And you would have all the investors in Coinbase really rallying all these high profile venture managers and politicians who are on the advisory board.
But you just have none of that with Binance.
And I think it's because it's a non-U.S. company that has been in the crosshairs.
They also haven't raised venture dollars in a traditional sense.
So they don't have that like powerful network effect around just the backers of the business.
and they don't have the goodwill based on the settlement, I think.
Either way, I think it's very, very unjust and a very unfortunate situation.
Similarly, somewhat related, Pavel Duraub of Telegram, was detained in France.

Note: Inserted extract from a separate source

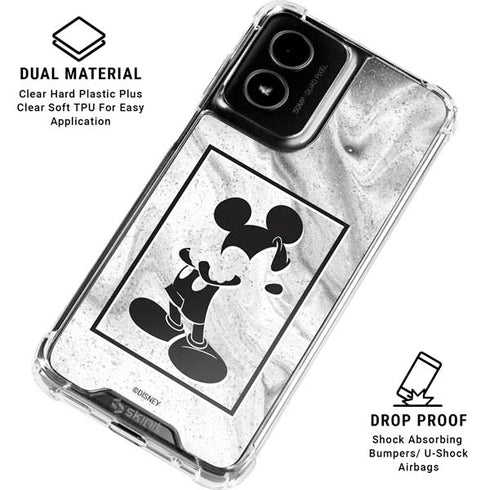 Disney Mickey Mouse Shape on Marble Moto G Power 5G (2024) Clear Case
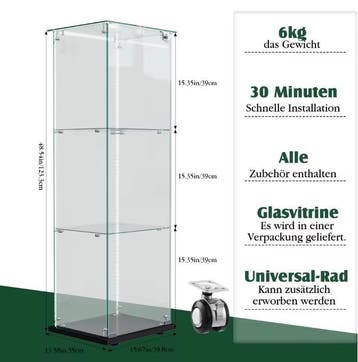Glazen Vitrinekast met LED – Zwarte 3-Laags Displaykast, Huis en Inrichting, Kasten | Vitrinekasten, Verzenden, Nieuw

I don't, I think he might have recently, is he free now?
He's out on bail.
He's on like house arrest bail, but he has to stay in the country.
So this is interesting because, well, there's so much,
don't much to talk about here.
He was apparently lured to France by Emmanuel Macron.
Is that right?
Yeah, he invited him over for dinner.
Wow.
He's also a French citizen somehow.
And the French detained him, you know, on a bunch of different charges,
basically saying he's aiding and abetting.
or at least allowing all this criminality to occur, which happens on Telegram.
I'm pretty mixed on this.
I mean, I think Telegram is a tremendously useful application.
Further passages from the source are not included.